**WORK REQUEST:**
Your output should be the lines below from the one holding "yz\t@[Jo[ sofa VFj[ 180*180cm" through the one holding "Бошки Шишки AK-47", transcribed exactly, with no pictures.

**INFORMATION SHOWN:**
------------------------------

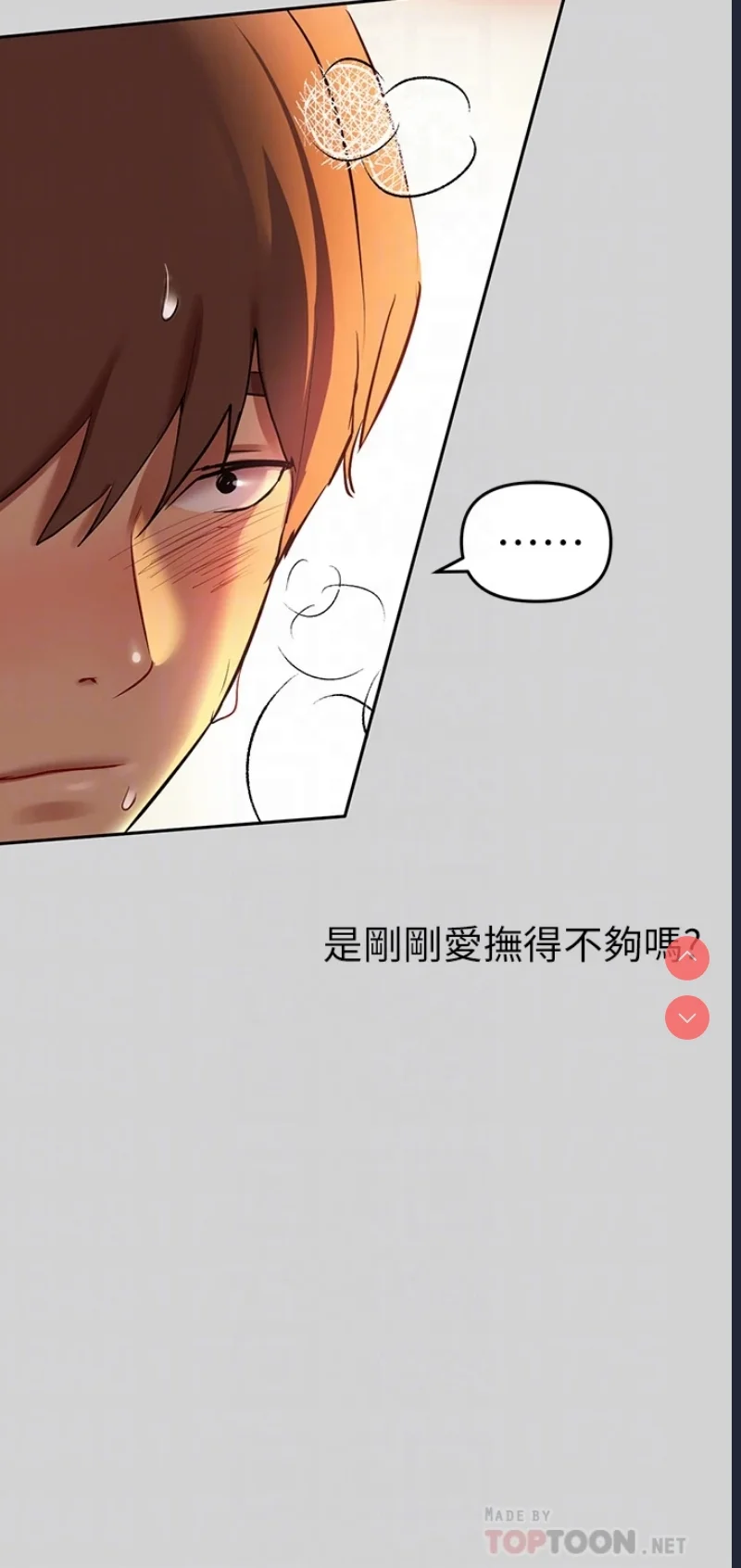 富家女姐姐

------------------------------

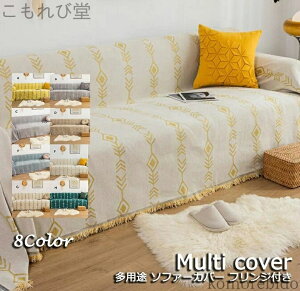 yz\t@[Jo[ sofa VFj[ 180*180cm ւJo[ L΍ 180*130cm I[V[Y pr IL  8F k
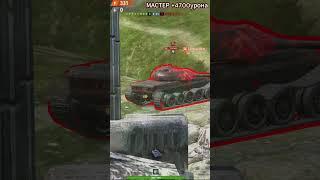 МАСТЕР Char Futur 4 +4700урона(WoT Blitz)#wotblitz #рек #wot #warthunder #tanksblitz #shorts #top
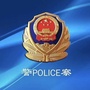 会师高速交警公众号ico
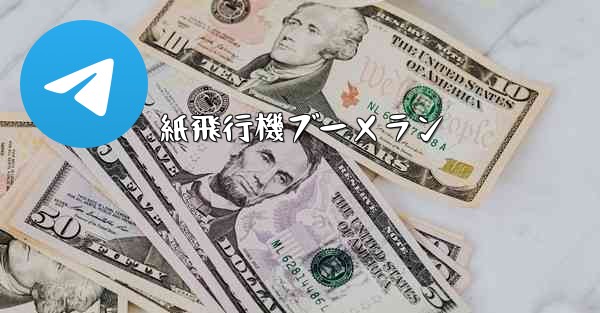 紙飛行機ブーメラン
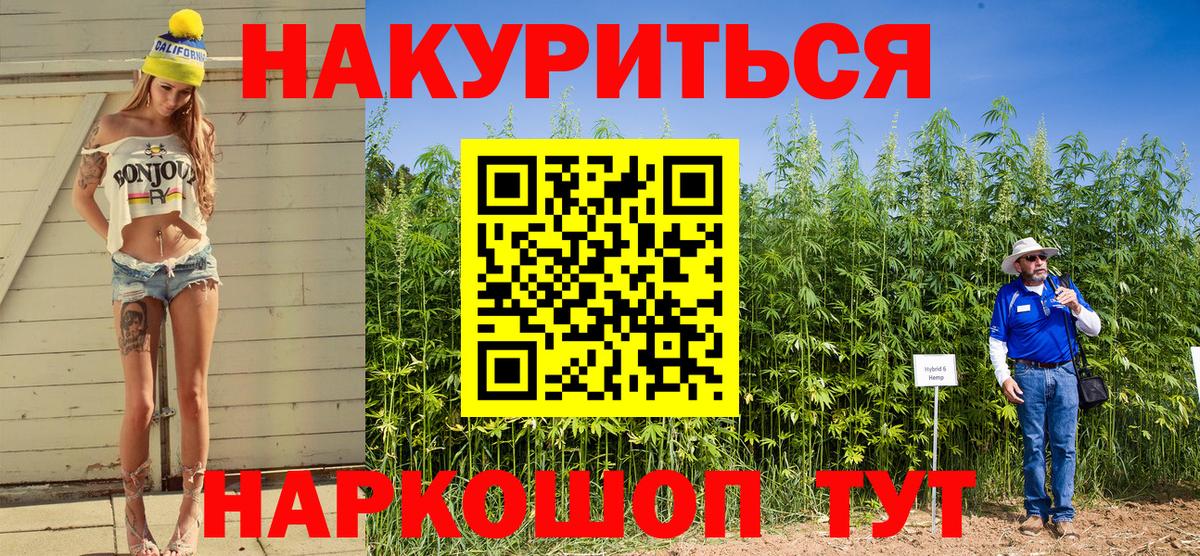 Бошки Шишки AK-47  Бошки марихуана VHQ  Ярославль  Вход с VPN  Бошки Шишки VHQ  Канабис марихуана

------------------------------

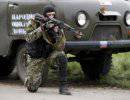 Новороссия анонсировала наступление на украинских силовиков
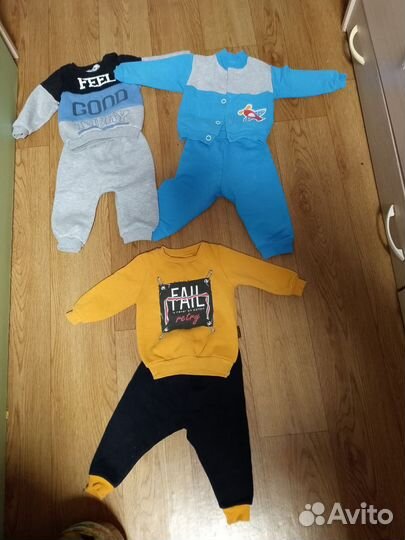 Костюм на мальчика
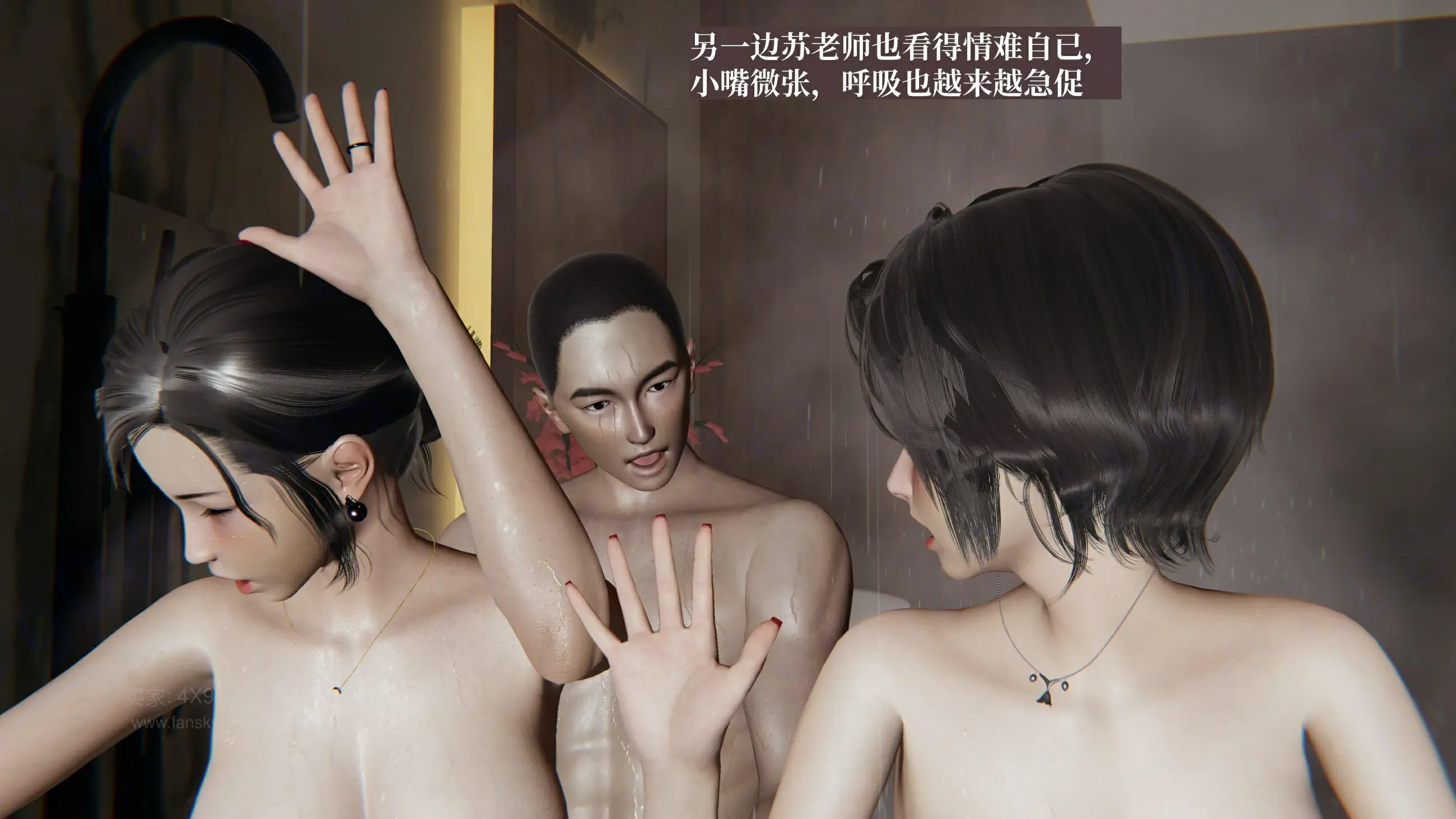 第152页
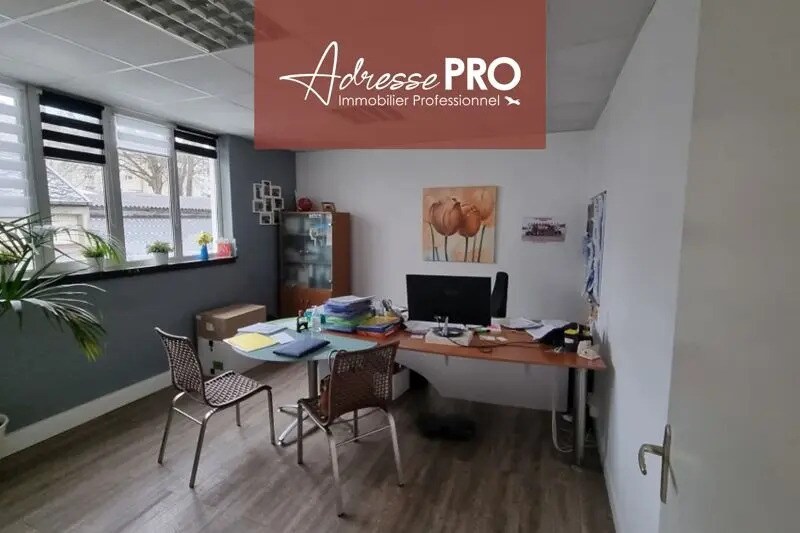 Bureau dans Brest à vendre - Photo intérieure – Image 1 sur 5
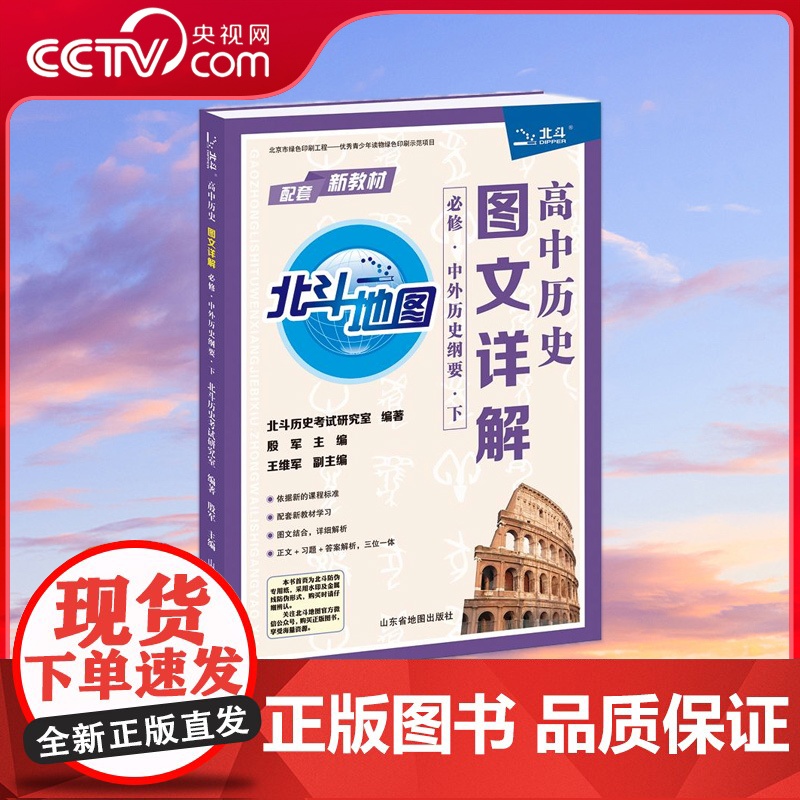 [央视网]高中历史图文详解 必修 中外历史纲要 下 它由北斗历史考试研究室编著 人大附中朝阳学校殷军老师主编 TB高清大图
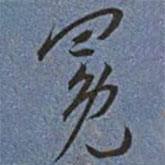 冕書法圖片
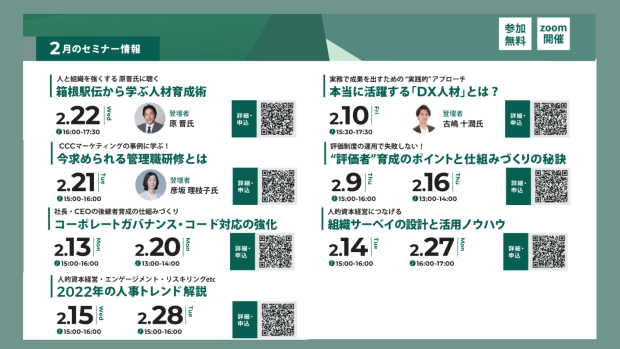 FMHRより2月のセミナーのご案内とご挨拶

------------------------------

**COMPLETED EXERCISE:**
 yz\t@[Jo[ sofa VFj[ 180*180cm ւJo[ L΍ 180*130cm I[V[Y pr IL  8F k
 МАСТЕР Char Futur 4 +4700урона(WoT Blitz)#wotblitz #рек #wot #warthunder #tanksblitz #shorts #top
 会师高速交警公众号ico
 紙飛行機ブーメラン
 Бошки Шишки AK-47  Бошки марихуана VHQ  Ярославль  Вход с VPN  Бошки Шишки VHQ  Канабис марихуана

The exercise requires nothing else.